Researchers from the Boston University in Massachusetts worked with a patient who has locked-in syndrome, a condition in which patients are almost completely paralysed — often able to move only their eyelids — but still fully conscious. They enabled him to speak by using a speech synthesizer to produce vowel sounds as he thinks them after implanting an electrode into his brain.

Frank Guenther, the leader of the study, and his colleagues first had to determine whether the man's brain could produce the same speech signals as a healthy person's. After determining that the signals were the same, they implanted an electrode — designed by neuroscientist Philip Kennedy of the firm Neural Signals in Duluth, Georgia — into the speech-production areas of the man's brain.

This electrode is different from other electrodes used for brain–computer interfaces because most of the electrodes are fixed to the skull rather than within a specific part of the brain. When fixed to the skull, the electrodes can move around, making it difficult to record from the same neurons every time or to leave the electrode in place in for more than a few months at a time. The electrode fixed within a specific part of the brain was impregnated with neurotrophic factors, which encourage neurons to grow into and around the electrode, keeping it in one place and allowing it to be recorded from for a much longer time.

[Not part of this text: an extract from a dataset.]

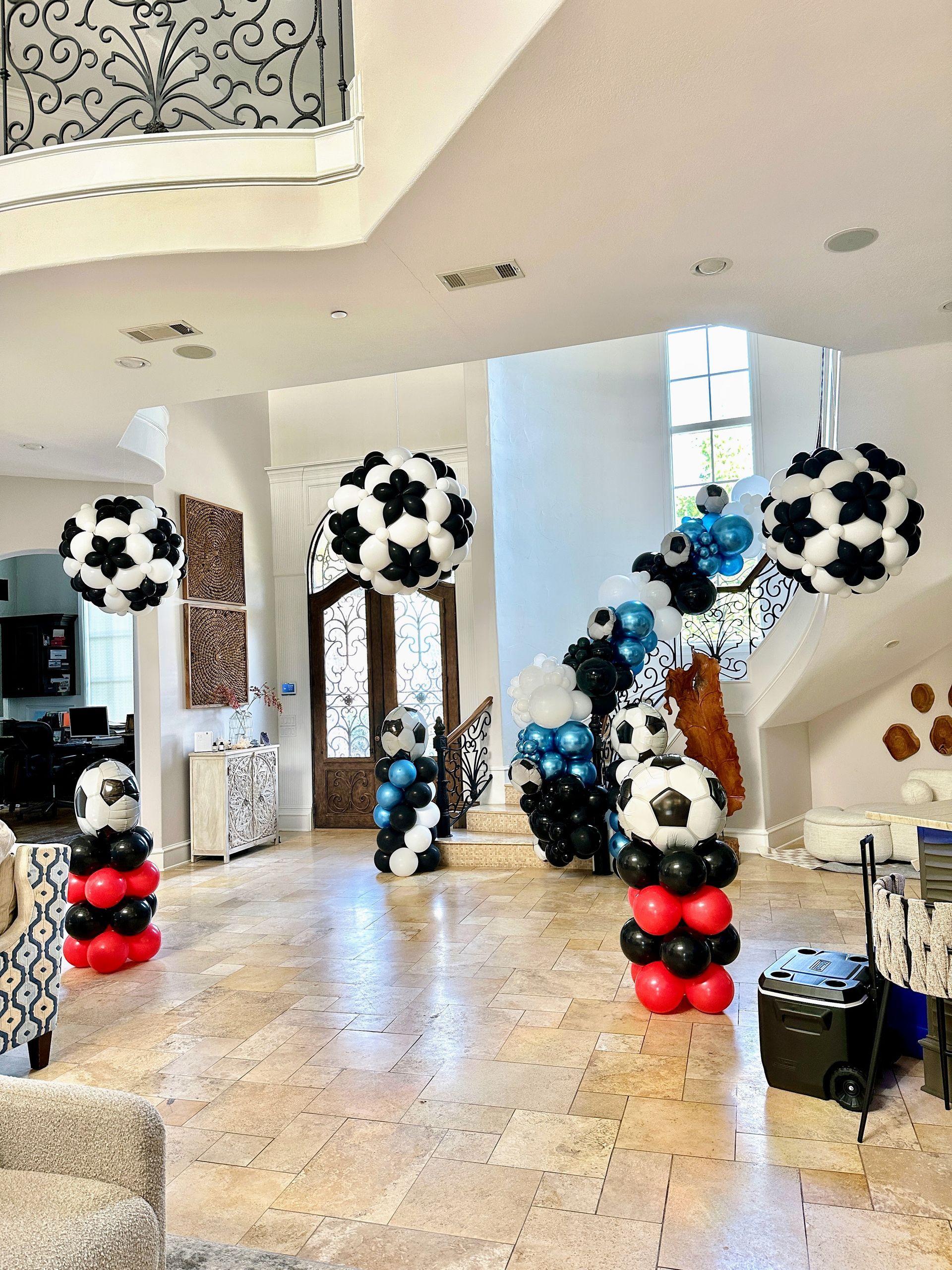 Balloon soccer balls hanging from the ceiling with soccer ball balloon columns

After implanting the electrode, the researchers used a computer model of speech to decode the signals coming from the man's brain and discern which vowel sounds he was thinking of. So far, the patient has been able "to produce three vowel sounds with good accuracy that happens as quickly as normal speech.

Their long-term goal within five years time-frame is to have the man use the speech brain–computer interface to produce words directly.

This is the first brain–computer interface that has been made for speech as most of the current interfaces transmit signals from the region of the brain that controls movement to either a prosthetic arm or the subject's own arm.

The next step would be to train their computer decoder to recognize consonants so that patients can form whole words, and maybe even sentences. They also hope that with developments in technology, they can implant more electrodes in their next patient to transmit a more detailed signal.